Michalke ist es also trotz Geldsorgen wieder gelungen mit den musikalischen Querdenkern zu begeistern. Insbesondere der norwegische Trompeter Nils Petter Molvaer überzeugte mit seiner elektronischen Klangmalerei mit tiefen, techno-nahen Grooves. Auch Michiyo Yagi aus Japan konnte überzeugen. Die Koto-Spielerin zählt sie zu den bedeutendsten Musikerinnen ihres Landes. Richtig auf die Ohren bekamen die Zuhörer dagegen bei den US-Amerikanern "Orthrelm" mit ihren ohrenbetäubenden Klangkaskaden. "Die sind ganz böse. warnt Michalke schon vor dem Festival.
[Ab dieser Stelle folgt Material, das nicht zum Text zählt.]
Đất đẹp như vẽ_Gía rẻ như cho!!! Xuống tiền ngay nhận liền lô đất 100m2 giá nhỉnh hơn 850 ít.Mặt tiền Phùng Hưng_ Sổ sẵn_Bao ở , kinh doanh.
Diese Heavy-Metal-Musiker seien selbst für das Festival in Wacken zu hart. Bleibt zu hoffen, das auch der Festivalchef bis zum nächsten Jahr hart bleibt und sich den Widerständen stellt. Das Moerser Festival ist ein internationales Aushängeschild für die Region und das sollte auch so bleiben.